Spiegazione dei personaggi:
Il titolo del cortometraggio è KALAVRìA, – fa sapere Saccà – nome grecanico della nostra regione, ma nel video sono presenti anche MAGNA GRECIA e, alla fine, CALABRIA, poiché si è inteso sottolineare le antiche radici greche della nostra regione. Il medico e l’infermiera rappresentano la politica e l’associazionismo locale che, con le poche risorse a disposizione, cercano di risollevare le sorti di questa terra. L’uomo che guarda la ragazza con disprezzo simboleggia quella parte di “politica del Nord” che, in tempi passati, ha guardato con disprezzo la nostra terra e la nostra gente ma che, allo stesso tempo, adesso è lì vicino al suo letto perché ha comunque bisogno di lei. La famiglia di contadini simboleggia la parte del nostro popolo che è stata costretta ad emigrare per vari motivi tra cui la povertà. Erodoto è riconosciuto come il padre della storiografia, egli lasciò la Grecia e si trasferì a Thuri nell’odierna Sibari (CS), e nel nostro video questo personaggio raffigura la storia passata della nostra terra. Kalavrìa ( o la Calabria) per poter rialzarsi, per poter ritornare in vita, ha bisogno di riscoprire la propria storia e lo deve fare trasmettendo ciò ai bambini, educandoli su ciò che il nostro popolo è stato. Il piccolo contadino mise dell’olio sulla fronte della giovane, non lo mise nelle mani che sono simbolo dell’opera, non lo spalmò sui piedi che simboleggiano il percorso, ma sulla fronte, per poter guarire la nostra terra noi dobbiamo togliere dalla nostra mente quell’etichette di “terroni”, “mafiosi”, “assistenzialisti” e altri ancora che, per anni, ci hanno marchiato. Il video dura 7 minuti e 14 secondi. 7 è il numero della settimana, l’inizio e la fine di un tempo. Il 14 è il suo doppio. C’è stato un tempo per la Calabria che è stato pieno di splendore e questo tempo può ritornare anche il doppio se solo noi riscopriamo la nostra storia.
Com’è stato realizzato:
Il video è stato realizzato con un semplice budget di 150 euro. E’ stata utilizzata una sola videocamera e la maggior parte degli attori non erano professionisti, erano persone che per la prima volta partecipavano ad un cortometraggio. La protagonista è una ragazza laureata in Economia Aziendale presso l’Unical, di nome Maria Lania. Erodoto era interpretato da Roberto Papalia e il piccolo contadino si chiama Giovanni Nostro.

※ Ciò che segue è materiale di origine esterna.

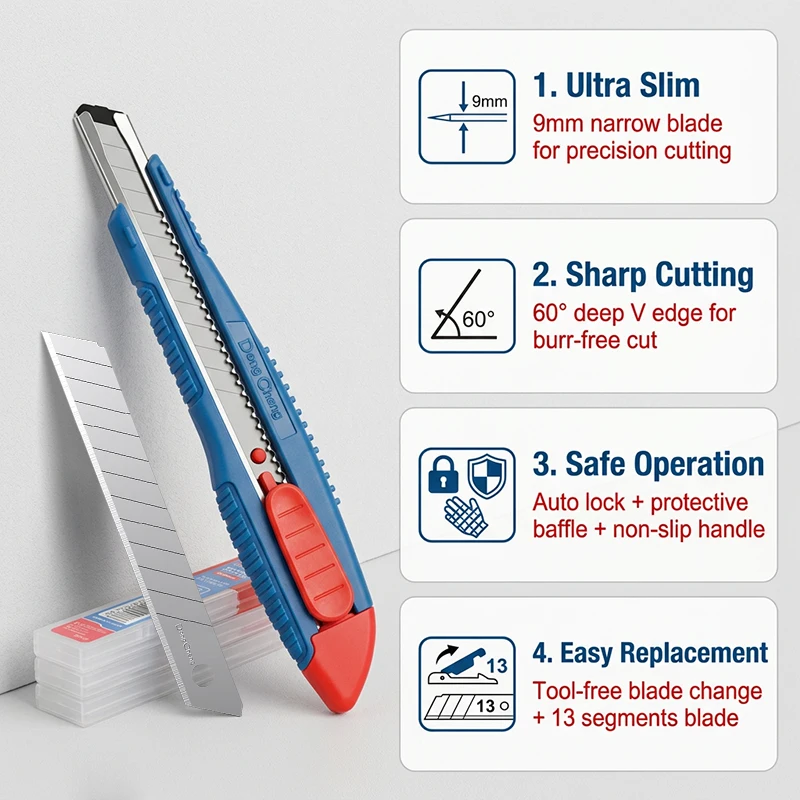 60 °   실버 블레이드 유틸리티 나이프 플라스틱 손잡이 + 10개 9mm 13-세그먼트 CK75 블레이드 종이 카펫 DIY용 날카롭고 내구성 있는 절단 도구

Per la realizzazione abbiamo ci sono voluti 3 giorni di riprese e una settimana per il montaggio. Il tutto è stato realizzato e completato tra agosto e settembre del 2019.
L’obiettivo del nostro lavoro – conclude l’autore nella nota – non si limita solo a mettere in evidenza la bellezza esteriore della nostra terra ma vuole dare risalto alla sua bellezza più nascosta e cioè alla sua “STORIA”. Tutti sappiamo che abbiamo delle belle zone, un bel mare, ottimi agrumi ma quanti sanno che la SCUOLA PITAGORICA di Crotone nel 400A.C. già teorizzava il fatto che la terra fosse SFERICA E NON PIATTA? cose che la scienza moderna ha accolto con Keplero nel 1600, ma che le nostre scuole filosofiche già teorizzavano. Quanti sanno di Cassiodoro? di Demostene? dei due calabresi sulla nave con Cristoforo Colombo e via discorrendo. Tutti siamo attratti dai paesaggi calabresi ma se solo noi conoscessimo la sua storia allora TUTTI , della Calabria, CE NE INNAMOREREMMO PERDUTAMENTE.